Brad Pitt and Angelina Jolie's Engagement: Your Burning Questions Answered!

Who's going to design Angie's dress? Should the A-listers have a prenup? Will they be legally married if they swap vows in France? Will Jennifer Aniston attend?!

By Natalie Finn, Baker Machado Apr 16, 2012 10:15 PMTags
Angelina  Jolie, Brad Pitt Kevin Mazur / Getty Images

Aside from the obvious "When?!" we know you have other questions about Angelina Jolie and Brad Pitt's wedding plans.

Though the details of their "promise for the future" remain as mysterious as the bride-to-be's smoldering gaze, we've still dug up plenty of info about the pending Jolie-Pitt nuptials.

First off, who's going to design what will be the most-talked-about item of clothing since Kate Middleton became a duchess?

Aka, Jolie's wedding dress.

Irish bookmaker Paddy Power, Europe's largest betting company, puts longtime Jolie go-to Versace in the lead with 5-2 odds. (Which, of course, begs the question: Can you sew a thigh-high slit into a bridal gown?)

"There is little doubt that the Brad and Angelina wedding will be the showbiz story of the year," a Paddy spokesman said. "With both the media and the public already speculating on every element of the wedding, we thought it was only fair that we offered our customers the chance to bet on it."

Of course!

Nipping at Versace's spike heels are Max Azria, Giorgio Armani, Elie Saab and British brand Amanda Wakeley.
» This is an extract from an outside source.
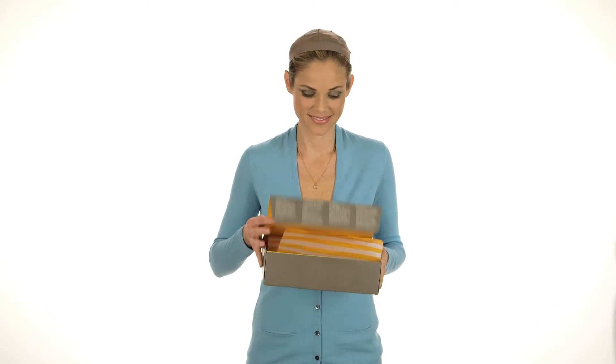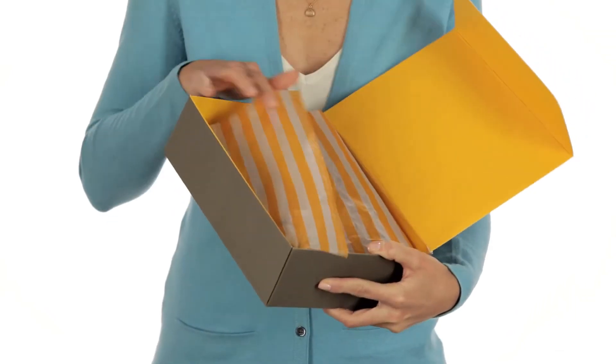When you get your wig, it might be turned inside out. This helps to protect the style during shipping.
Royal wedding standout Sarah Burton of Alexander McQueen is a ways back at 25-1.

Also worthwhile bets at the moment are Jolie wearing her hair up with flowers, Pitt wearing a navy blue tie and sporting "designer stubble," and the couple tying the knot in France and honeymooning in Italy.

And, if you have money to burn, odds stand at 3-1 that Jennifer Aniston will attend.
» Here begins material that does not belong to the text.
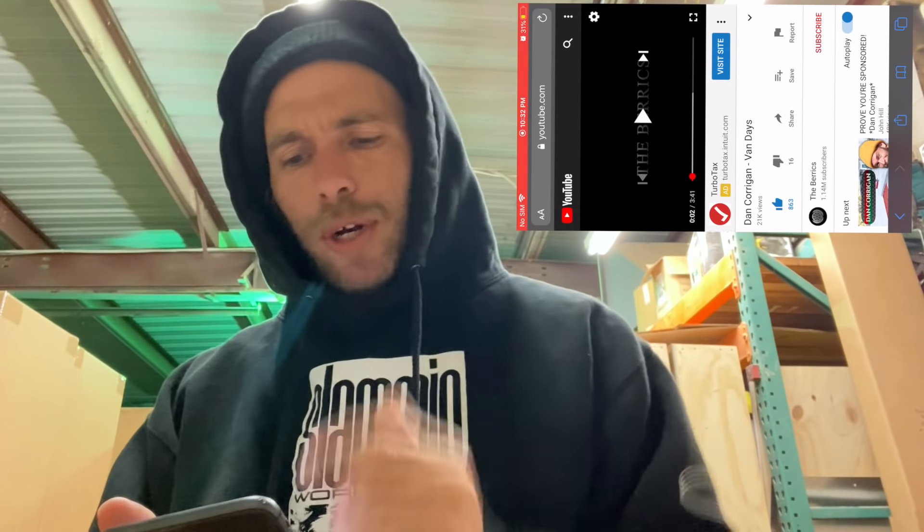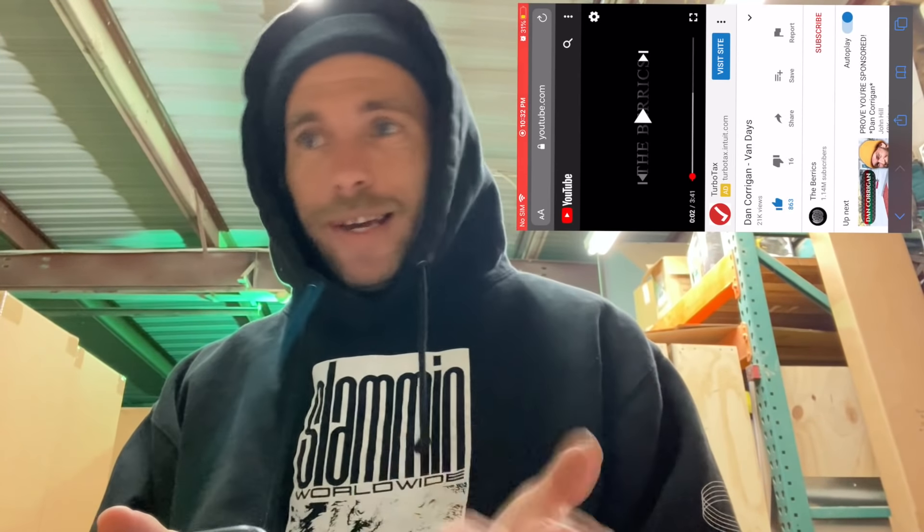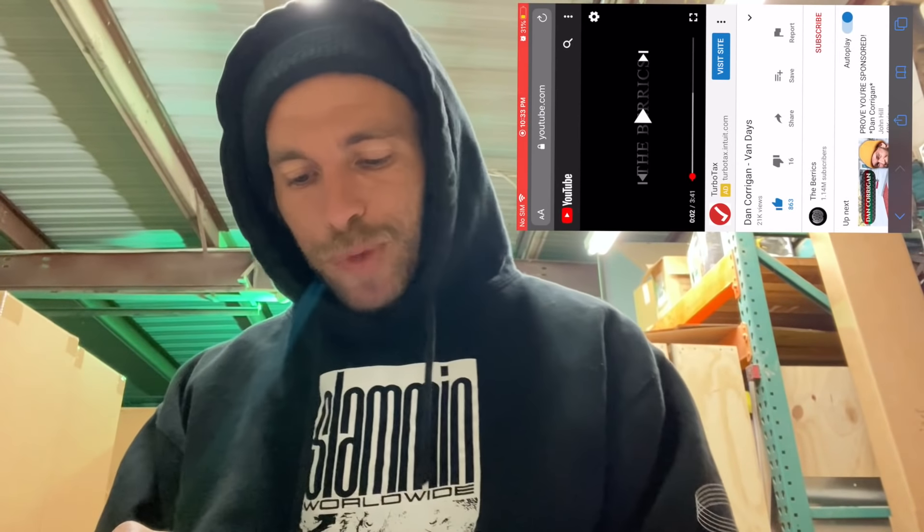I'm going to do something I haven't done on this channel yet. I'm going to try to do it in one take — just go straight through it. We're going to watch one of my video parts and I'm just going to talk about it, tell some stories behind it, and basically talk more shit on my video part than I've probably ever talked on someone else's video part. This should be interesting, to say the least.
Speaking of France, where the couple live part-time at the 1,000-acre Château Miraval in Aix-en-Provence, what if the couple do decide to swap vows there? As American citizens, will they have to go through the process in the U.S. as well in order for it to be legal?

"Usually when people get married overseas, if they don't meet the residency requirements of that country, what they do is they have a ceremony over there but actually get their marriage licence over here and they get married over here," family law attorney Lisa Helfend Meyer tells E! News. "So, they could have two marriages."

As did Bruce Willis and Emma Hemming, who had a ceremony on Turks & Caicos and then made things legal in California, and Tony Parker and Eva Longoria, who had a legally required civil ceremony in Paris before their blowout wedding in the countryside.

Also to have a legal marriage in France, a couple must provide blood tests for the necessary documentation and live in the country for a minimum of four weeks beforehand. Sounds doable for Pitt and Jolie!

E! News has learned that there has been ongoing construction at Château Miraval, where they always planned to get married.

"The workers on their estate here have been buzzing about it for ages," a source says. (Pitt's rep, in saying that the couple had not yet set a date, also kept mum on location possibilities.)

But even before the couple get a marriage license and actually tie the knot, legally or otherwise, there's the matter of that other batch of paperwork celebs and other high-earning folks are quite familiar with—the prenuptial agreement.

"They will have a prenup, there is no question in my mind," Meyer says, referring to Jolie and Pitt. According to Forbes, Jolie's net worth has been estimated at $120 million, and Pitt's at $150 million.

"There are lots and lots of complexities as to why they will have a prenup—especially with the kind of money that they make—when they have children and when they have multiple residences," Meyer adds.

"It is so important because this is a new stage in their relationship—they've never been married, only cohabited. I think it is critical when you have that amount of assets to have a prenuptial agreement before you get married, that way you have a clear understanding of what is yours and what is the other person's." 

But mainly, we'll keep you posted on the dress.